### Material for this exercise:
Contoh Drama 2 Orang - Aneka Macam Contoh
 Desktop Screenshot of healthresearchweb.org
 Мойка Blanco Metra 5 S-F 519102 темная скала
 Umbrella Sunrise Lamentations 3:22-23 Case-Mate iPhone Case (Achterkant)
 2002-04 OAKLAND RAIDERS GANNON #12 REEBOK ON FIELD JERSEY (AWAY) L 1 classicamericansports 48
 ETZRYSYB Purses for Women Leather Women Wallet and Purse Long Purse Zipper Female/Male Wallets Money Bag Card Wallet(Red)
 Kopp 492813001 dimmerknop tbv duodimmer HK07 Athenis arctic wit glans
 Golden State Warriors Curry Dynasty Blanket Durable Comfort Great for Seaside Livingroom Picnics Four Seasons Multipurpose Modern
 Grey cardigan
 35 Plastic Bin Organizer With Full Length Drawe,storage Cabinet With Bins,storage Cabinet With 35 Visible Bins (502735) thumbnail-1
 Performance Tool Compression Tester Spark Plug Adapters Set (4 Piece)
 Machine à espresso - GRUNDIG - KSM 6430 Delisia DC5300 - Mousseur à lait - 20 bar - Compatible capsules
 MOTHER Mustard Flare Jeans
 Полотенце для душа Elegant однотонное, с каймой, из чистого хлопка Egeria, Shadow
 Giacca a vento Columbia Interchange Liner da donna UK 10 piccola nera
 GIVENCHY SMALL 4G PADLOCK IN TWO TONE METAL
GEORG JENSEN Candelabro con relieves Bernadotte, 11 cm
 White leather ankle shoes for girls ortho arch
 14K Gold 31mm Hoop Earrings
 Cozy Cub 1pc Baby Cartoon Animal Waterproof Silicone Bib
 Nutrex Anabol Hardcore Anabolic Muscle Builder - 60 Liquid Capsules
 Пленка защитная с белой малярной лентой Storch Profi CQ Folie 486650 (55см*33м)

### Task description:
Each entry, exactly as written, should be set down once more.

### Task solution:
Contoh Drama 2 Orang - Aneka Macam Contoh
 Desktop Screenshot of healthresearchweb.org
 Мойка Blanco Metra 5 S-F 519102 темная скала
 Umbrella Sunrise Lamentations 3:22-23 Case-Mate iPhone Case (Achterkant)
 2002-04 OAKLAND RAIDERS GANNON #12 REEBOK ON FIELD JERSEY (AWAY) L 1 classicamericansports 48
 ETZRYSYB Purses for Women Leather Women Wallet and Purse Long Purse Zipper Female/Male Wallets Money Bag Card Wallet(Red)
 Kopp 492813001 dimmerknop tbv duodimmer HK07 Athenis arctic wit glans
 Golden State Warriors Curry Dynasty Blanket Durable Comfort Great for Seaside Livingroom Picnics Four Seasons Multipurpose Modern
 Grey cardigan
 35 Plastic Bin Organizer With Full Length Drawe,storage Cabinet With Bins,storage Cabinet With 35 Visible Bins (502735) thumbnail-1
 Performance Tool Compression Tester Spark Plug Adapters Set (4 Piece)
 Machine à espresso - GRUNDIG - KSM 6430 Delisia DC5300 - Mousseur à lait - 20 bar - Compatible capsules
 MOTHER Mustard Flare Jeans
 Полотенце для душа Elegant однотонное, с каймой, из чистого хлопка Egeria, Shadow
 Giacca a vento Columbia Interchange Liner da donna UK 10 piccola nera
 GIVENCHY SMALL 4G PADLOCK IN TWO TONE METAL
GEORG JENSEN Candelabro con relieves Bernadotte, 11 cm
 White leather ankle shoes for girls ortho arch
 14K Gold 31mm Hoop Earrings
 Cozy Cub 1pc Baby Cartoon Animal Waterproof Silicone Bib
 Nutrex Anabol Hardcore Anabolic Muscle Builder - 60 Liquid Capsules
 Пленка защитная с белой малярной лентой Storch Profi CQ Folie 486650 (55см*33м)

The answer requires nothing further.